• **Supplied entries**
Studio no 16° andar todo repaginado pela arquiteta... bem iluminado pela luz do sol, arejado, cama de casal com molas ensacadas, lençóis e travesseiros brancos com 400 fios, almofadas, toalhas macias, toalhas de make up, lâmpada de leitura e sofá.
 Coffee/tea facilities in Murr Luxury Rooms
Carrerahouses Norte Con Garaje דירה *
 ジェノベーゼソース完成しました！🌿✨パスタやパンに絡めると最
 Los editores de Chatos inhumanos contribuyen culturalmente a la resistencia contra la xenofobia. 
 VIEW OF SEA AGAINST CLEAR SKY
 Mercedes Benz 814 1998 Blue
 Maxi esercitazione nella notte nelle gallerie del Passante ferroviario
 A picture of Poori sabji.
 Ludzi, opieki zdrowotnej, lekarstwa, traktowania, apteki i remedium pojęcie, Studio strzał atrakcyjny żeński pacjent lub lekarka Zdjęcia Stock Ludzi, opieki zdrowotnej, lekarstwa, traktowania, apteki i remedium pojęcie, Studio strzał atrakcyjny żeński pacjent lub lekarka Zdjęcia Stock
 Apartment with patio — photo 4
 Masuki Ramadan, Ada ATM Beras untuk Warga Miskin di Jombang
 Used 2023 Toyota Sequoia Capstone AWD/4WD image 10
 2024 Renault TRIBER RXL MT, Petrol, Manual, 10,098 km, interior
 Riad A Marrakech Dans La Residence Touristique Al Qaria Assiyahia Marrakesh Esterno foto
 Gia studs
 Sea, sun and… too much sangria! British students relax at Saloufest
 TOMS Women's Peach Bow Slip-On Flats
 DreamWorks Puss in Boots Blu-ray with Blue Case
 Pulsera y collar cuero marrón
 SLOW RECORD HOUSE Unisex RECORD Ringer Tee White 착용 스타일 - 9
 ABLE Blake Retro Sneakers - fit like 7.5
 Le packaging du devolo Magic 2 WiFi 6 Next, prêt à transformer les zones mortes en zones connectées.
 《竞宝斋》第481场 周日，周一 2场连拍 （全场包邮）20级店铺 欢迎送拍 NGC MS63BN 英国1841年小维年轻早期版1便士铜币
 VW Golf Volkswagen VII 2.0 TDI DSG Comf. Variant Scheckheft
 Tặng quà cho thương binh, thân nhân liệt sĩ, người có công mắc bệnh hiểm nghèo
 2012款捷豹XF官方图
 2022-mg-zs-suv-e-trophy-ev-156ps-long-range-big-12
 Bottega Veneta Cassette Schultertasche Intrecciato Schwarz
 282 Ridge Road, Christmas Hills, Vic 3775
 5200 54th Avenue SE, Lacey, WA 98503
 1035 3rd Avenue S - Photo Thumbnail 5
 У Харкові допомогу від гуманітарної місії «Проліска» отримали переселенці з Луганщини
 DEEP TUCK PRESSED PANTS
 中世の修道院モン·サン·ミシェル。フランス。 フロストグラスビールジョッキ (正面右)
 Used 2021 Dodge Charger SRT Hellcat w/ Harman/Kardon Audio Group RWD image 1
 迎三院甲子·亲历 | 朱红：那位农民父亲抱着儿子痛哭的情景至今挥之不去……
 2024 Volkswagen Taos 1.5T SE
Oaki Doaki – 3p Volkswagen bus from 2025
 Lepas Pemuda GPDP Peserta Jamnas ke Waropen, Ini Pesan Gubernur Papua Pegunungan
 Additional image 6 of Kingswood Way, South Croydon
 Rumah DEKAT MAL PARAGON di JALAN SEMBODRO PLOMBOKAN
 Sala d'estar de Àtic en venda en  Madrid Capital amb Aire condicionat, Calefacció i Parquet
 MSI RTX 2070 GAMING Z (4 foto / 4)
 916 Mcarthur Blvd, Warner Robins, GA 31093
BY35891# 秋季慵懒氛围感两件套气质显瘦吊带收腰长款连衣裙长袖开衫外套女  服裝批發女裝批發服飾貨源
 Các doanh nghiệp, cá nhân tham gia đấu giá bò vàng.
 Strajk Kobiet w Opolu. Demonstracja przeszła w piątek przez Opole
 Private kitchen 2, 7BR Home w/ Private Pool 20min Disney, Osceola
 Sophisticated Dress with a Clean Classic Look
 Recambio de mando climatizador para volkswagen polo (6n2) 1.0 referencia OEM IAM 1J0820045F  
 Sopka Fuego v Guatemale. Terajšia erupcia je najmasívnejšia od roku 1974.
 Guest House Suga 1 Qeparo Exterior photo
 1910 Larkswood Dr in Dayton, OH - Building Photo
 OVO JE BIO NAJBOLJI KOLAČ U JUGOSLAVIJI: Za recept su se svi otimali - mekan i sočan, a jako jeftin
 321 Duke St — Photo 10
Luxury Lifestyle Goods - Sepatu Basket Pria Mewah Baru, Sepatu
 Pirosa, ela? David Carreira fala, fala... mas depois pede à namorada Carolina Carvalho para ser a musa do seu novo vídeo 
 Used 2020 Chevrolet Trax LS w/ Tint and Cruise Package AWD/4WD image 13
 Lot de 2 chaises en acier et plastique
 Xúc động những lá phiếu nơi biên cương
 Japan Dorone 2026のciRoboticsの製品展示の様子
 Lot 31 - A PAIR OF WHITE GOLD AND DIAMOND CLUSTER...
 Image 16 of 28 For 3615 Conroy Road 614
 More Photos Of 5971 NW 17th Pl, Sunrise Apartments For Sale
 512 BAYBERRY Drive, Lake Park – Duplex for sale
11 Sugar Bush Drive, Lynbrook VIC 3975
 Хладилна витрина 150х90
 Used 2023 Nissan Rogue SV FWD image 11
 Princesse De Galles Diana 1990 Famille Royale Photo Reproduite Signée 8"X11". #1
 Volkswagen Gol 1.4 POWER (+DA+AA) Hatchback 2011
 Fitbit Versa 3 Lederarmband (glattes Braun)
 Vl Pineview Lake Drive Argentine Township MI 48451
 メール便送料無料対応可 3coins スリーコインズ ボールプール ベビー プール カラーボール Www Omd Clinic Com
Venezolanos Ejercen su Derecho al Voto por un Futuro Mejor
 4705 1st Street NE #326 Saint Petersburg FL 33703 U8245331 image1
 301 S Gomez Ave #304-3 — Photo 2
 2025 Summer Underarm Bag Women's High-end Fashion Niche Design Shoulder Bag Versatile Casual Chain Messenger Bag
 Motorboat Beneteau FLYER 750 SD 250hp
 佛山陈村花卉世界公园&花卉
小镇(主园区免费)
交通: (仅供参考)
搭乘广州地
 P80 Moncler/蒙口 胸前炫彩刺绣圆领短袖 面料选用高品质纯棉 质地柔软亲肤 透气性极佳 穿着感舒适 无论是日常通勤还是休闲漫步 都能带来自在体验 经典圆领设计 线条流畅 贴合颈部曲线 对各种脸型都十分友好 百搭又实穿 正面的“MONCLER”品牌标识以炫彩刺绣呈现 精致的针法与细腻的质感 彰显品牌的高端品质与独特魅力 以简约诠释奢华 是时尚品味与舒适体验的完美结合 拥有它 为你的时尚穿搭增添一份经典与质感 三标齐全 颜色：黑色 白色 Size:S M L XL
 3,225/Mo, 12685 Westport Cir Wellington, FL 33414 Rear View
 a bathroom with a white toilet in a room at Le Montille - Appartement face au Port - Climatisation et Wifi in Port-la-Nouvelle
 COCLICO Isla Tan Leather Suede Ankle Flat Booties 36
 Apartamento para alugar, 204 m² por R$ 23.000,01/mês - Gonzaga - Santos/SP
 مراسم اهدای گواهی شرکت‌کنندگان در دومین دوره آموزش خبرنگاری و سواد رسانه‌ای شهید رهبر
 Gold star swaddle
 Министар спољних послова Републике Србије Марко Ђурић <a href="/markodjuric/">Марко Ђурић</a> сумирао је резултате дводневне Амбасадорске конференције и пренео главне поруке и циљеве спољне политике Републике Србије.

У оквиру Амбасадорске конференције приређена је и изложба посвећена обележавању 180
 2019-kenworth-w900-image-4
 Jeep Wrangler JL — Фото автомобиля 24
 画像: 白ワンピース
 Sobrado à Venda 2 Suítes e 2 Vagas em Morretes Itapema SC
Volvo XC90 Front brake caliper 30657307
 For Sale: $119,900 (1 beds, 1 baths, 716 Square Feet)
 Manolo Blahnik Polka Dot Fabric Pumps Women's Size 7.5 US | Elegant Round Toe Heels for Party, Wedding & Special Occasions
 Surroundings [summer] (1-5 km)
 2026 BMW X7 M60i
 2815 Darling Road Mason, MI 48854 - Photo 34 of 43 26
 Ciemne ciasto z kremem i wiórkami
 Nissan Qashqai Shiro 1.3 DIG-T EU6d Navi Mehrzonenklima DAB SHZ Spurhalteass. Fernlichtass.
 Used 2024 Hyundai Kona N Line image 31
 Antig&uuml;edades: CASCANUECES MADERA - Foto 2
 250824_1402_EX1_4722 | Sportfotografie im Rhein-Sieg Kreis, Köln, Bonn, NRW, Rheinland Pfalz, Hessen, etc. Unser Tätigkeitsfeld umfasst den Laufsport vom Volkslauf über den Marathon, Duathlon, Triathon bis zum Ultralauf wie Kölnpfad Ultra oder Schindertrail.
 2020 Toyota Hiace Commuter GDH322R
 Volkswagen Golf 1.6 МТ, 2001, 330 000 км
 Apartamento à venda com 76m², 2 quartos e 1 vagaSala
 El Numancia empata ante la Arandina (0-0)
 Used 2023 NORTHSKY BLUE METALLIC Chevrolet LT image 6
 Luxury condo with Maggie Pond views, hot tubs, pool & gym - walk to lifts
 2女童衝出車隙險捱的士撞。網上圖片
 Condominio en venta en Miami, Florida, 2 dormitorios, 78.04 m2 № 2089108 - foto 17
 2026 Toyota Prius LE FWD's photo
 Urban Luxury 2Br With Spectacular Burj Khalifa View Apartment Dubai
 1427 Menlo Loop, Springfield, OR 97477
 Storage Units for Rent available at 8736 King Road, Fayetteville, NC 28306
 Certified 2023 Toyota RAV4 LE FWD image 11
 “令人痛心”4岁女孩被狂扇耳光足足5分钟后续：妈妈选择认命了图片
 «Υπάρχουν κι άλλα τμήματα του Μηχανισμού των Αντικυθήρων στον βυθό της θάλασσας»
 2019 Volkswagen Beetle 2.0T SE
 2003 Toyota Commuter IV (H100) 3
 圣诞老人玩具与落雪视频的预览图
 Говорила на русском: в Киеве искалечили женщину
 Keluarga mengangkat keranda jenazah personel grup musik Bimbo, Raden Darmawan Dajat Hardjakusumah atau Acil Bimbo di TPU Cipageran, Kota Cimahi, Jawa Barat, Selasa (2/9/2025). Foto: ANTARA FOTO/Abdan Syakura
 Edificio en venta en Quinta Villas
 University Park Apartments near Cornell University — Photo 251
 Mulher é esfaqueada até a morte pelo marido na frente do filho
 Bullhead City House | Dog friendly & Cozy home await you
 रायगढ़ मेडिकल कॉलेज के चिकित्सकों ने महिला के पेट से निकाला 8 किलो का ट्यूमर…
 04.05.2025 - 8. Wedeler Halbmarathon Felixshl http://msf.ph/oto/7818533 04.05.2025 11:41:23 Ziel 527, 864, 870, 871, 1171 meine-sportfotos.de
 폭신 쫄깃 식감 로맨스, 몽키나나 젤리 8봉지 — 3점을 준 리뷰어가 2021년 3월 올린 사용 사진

• **Try it**
Within the listing above, give again exactly every line from the line with "Edificio en venta en Quinta Villas" through the line with "रायगढ़ मेडिकल कॉलेज", both included, and no other line.

• **Response area**
 Edificio en venta en Quinta Villas
 University Park Apartments near Cornell University — Photo 251
 Mulher é esfaqueada até a morte pelo marido na frente do filho
 Bullhead City House | Dog friendly & Cozy home await you
 रायगढ़ मेडिकल कॉलेज के चिकित्सकों ने महिला के पेट से निकाला 8 किलो का ट्यूमर…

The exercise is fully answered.